= Beginning of Section =

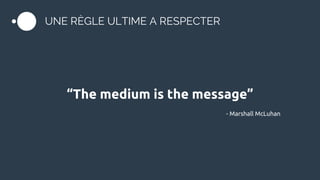 UNE RÈGLE ULTIME A RESPECTER
“The medium is the message”
- Marshall McLuhan
 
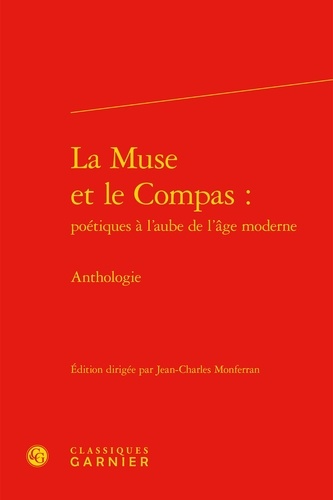 La Muse et le Compas : poétiques à l'aube de l'âge moderne. Anthologie
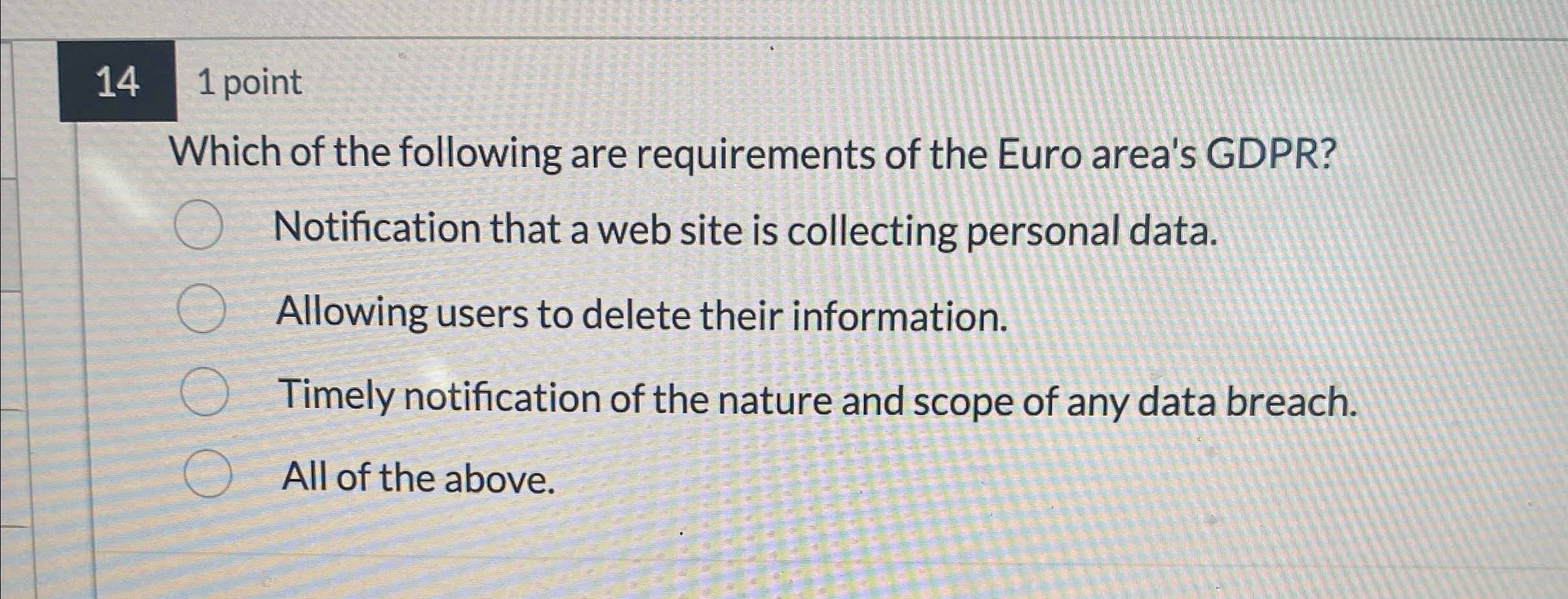 1 4 1 point Which of the following are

= End of Section =

EXERCISE DETAILS
Which lines run from the one containing "- Marshall McLuhan" to the end of the entries above? Write them out exactly, leaving out every picture.

ANSWER FOR THE TASK
- Marshall McLuhan
 
 La Muse et le Compas : poétiques à l'aube de l'âge moderne. Anthologie
 1 4 1 point Which of the following are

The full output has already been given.